▶ **Your instructions**
In the listing below, repeat exactly every line from the first through the line containing "9.84 Inch Red", with nothing else.

▶ **Data extract**
------------------------------------------------------------
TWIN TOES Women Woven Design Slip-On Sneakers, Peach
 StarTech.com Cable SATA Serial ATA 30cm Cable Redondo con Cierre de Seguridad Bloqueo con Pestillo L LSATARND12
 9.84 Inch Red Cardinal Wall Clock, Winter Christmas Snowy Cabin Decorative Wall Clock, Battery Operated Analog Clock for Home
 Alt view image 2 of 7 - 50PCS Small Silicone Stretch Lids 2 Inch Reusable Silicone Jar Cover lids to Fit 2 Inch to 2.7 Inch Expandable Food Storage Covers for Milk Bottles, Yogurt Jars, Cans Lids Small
------------------------------------------------------------
▶ **Written response**
TWIN TOES Women Woven Design Slip-On Sneakers, Peach
 StarTech.com Cable SATA Serial ATA 30cm Cable Redondo con Cierre de Seguridad Bloqueo con Pestillo L LSATARND12
 9.84 Inch Red Cardinal Wall Clock, Winter Christmas Snowy Cabin Decorative Wall Clock, Battery Operated Analog Clock for Home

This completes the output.